Patagonia, the repair-what-we-sold-you adventure clothing retail company synonymous with ethical business—and practically a giant stamp of sustainability approval for anything it puts its name to—runs an invite-only conference every couple of years.
For the conference, Patagonia invites heavy hitters in environmental advocacy from whom they can learn. For example, keynote speakers have included Dr Jane Goodall (chimp documenter extraordinaire), Annie Leonard (The Story of Stuff), Bill McKibben (350), and Beth Kanter (leading not-for-profit social media strategist). You know, the kinds of heroes we’d love to be even a little bit like when we grow up.
I’d sell my soul to get into this conference, but I’m far from being one of the heavy hitters in the industry. So the just-released Tools for Grassroots Activists: Best Practices for Success in the Environmental Movement is the closest I’m going to get to being in that room.
Given that this is where my career is heading—I’m this close to finishing a PhD looking at some of this stuff [imagine a thumb and index finger just millimetres apart]—I came to this book with both a keenly critical eye and breathless, fan-girl appreciation.
Edited by Nora Gallagher and Lisa Myers, Tools for Grassroots Activists collates various conference talks and insights gleaned over the conference’s history. My hope was to ferret out some ground-breaking information I could incorporate into my own practice.
And the book does deliver elements of that. Say, for example, tips on refining purpose, and targeting key groups with strategic marketing. But for the most part it offers the also-important elements of motivation and hope and stories about these particular activists’ efforts and learnings.

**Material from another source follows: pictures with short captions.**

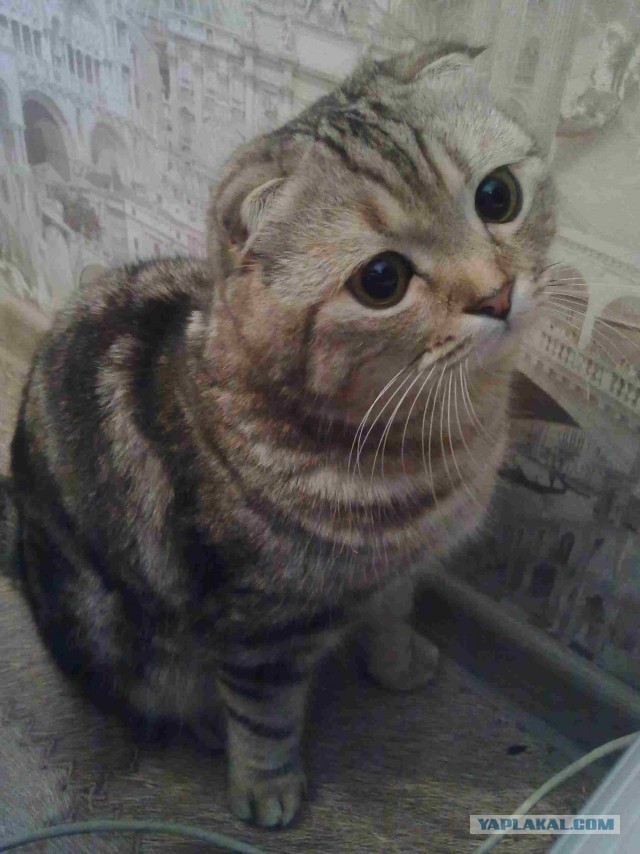 Котовторник 23.07.2013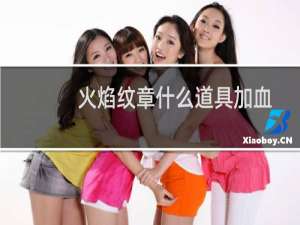 火焰纹章什么道具加血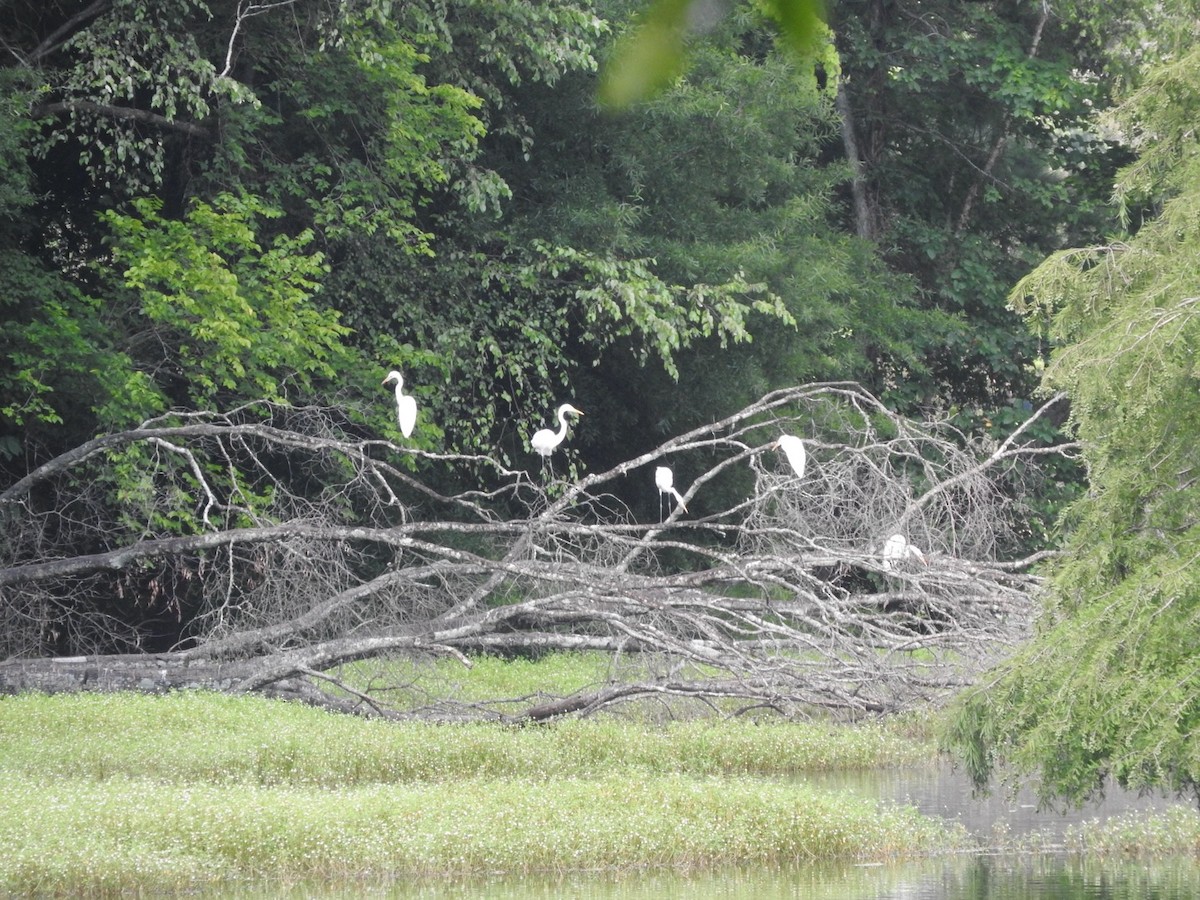 Great Egret - ML638565053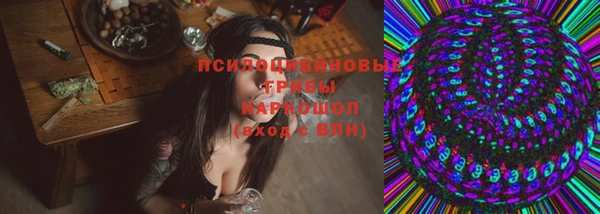 бошки Аркадак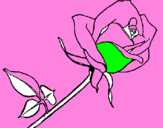Coloring page Rose painted byTHALIA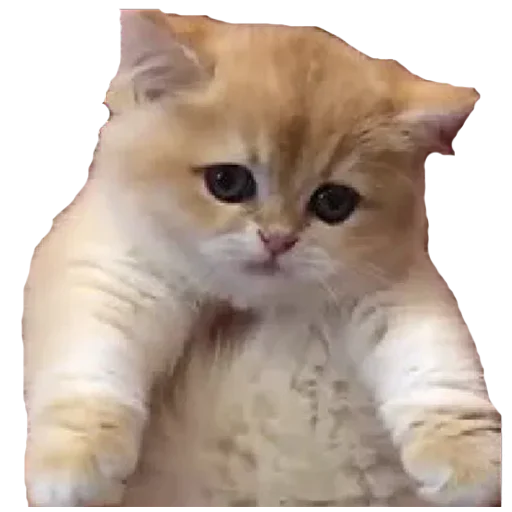 😕 Стикер «youcanchangethisanytime» для Telegram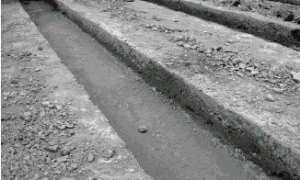 宝鸡大棚蔬菜菇渣混合基质一年三茬栽培技术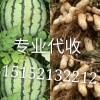 史云引的一亩田店铺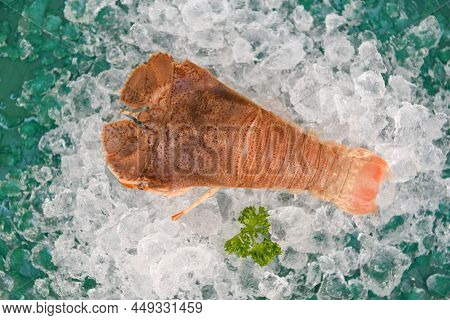 Fresh Slipper Lobster Flathead For Cooking In The Seafood Restaurant Or Seafood Market, Raw Flathead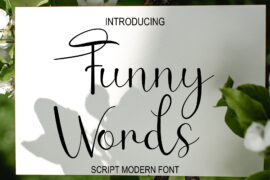 Funny Words Font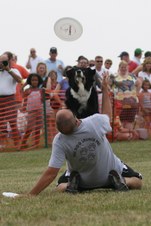 Enlarge photo 118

It outlines in their own words how they have overcome seemingly insurmountable odds throughout their careers, such as defeating the then apparently indestructible tobacco companies that had limitless cash resources to fund their campaigns.

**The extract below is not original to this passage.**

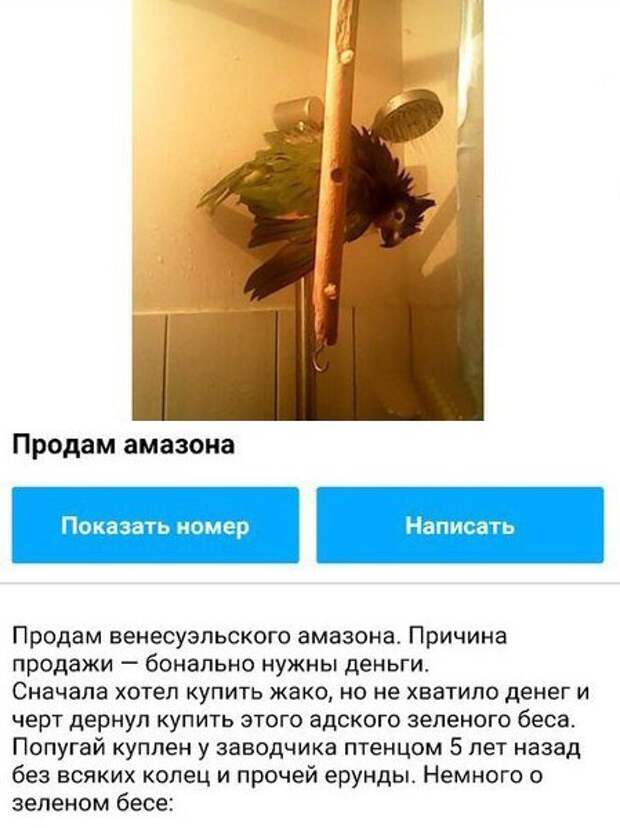 Забавное объявление о продаже попугая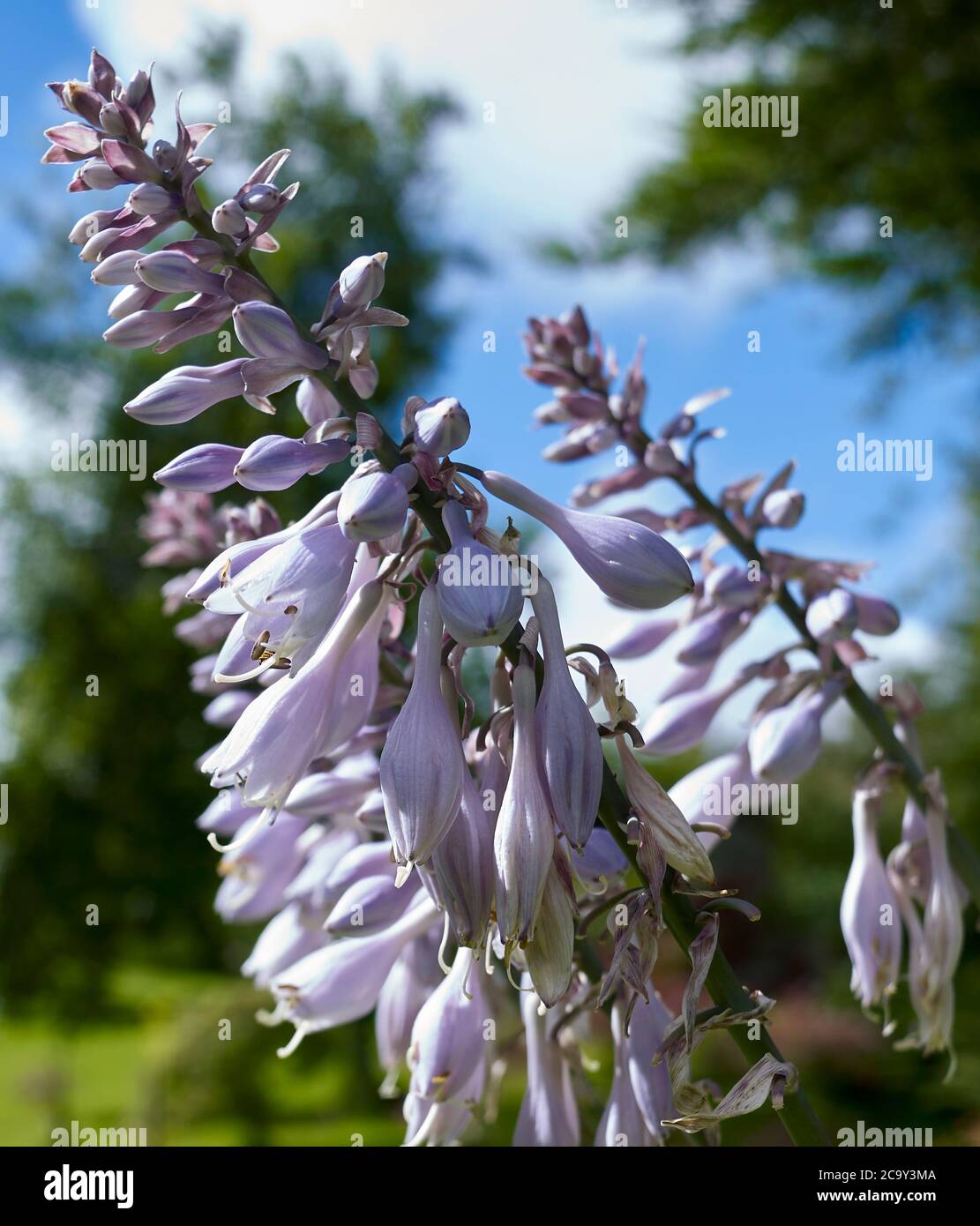 Hosta fiore dettaglio in Miorland piccolo giardino a 900 piedi Foto Stock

It’s certainly great to hear these not-glossed-over parts (too often history rewrites battles as being efficiently linear rather than painstakingly messy and long-running). And I enjoyed this book and got plenty of shot-in-the-arm inspiration from it, I really did. But—and I fully recognise my expectations might be too high given I’ve spent the last three years avidly analysing this stuff—I was hoping for something a little more.
I understand that the book is a compilation of key lessons from the conference’s history, but it feels a little more cobbled together and a little less robust than expected, with entries varying wildly in structure and theme. Still, once you get your head around that, it’s fine. It meant I ended up dipping in and out of articles and skimming or even skipping the ones that it was apparent weren’t currently suited to me.
Perhaps the biggest barrier to me adoring this text was its design, of which I’m not at all a fan. Highly stylised and eclectic, and with a decidedly plain-Jane font selection, I don’t think it works both in terms of aesthetics, but also in terms of gripping the reader and effectively guiding them through its contents.
Or at least I don’t think it works with the kind of paper on which it’s printed and the book format in which it’s packaged. It just looks a bit grassroots-newsletter amateur and ultimately lets itself down. It’s certainly not the well-designed book I’d expect of a company that understands the combination of form and function is what makes the difference between a successful organisation or approach that can wield good in the world and one that has good intentions but ultimately fails. Again, that could be personal preference and someone else could consider it smashing.
I realise this is a slightly mixed review, and in truth my feelings about this book are mixed. Was it worth publishing and will people derive some benefits from it? Yes, absolutely yes. But could it have been better? Yes. Or, as one of the book’s contributors notes: activists need to get better at how they communicate their messages. Patagonia normally leads by example and it’s doing so with its conferences. Its conference-related publication just needs to catch up.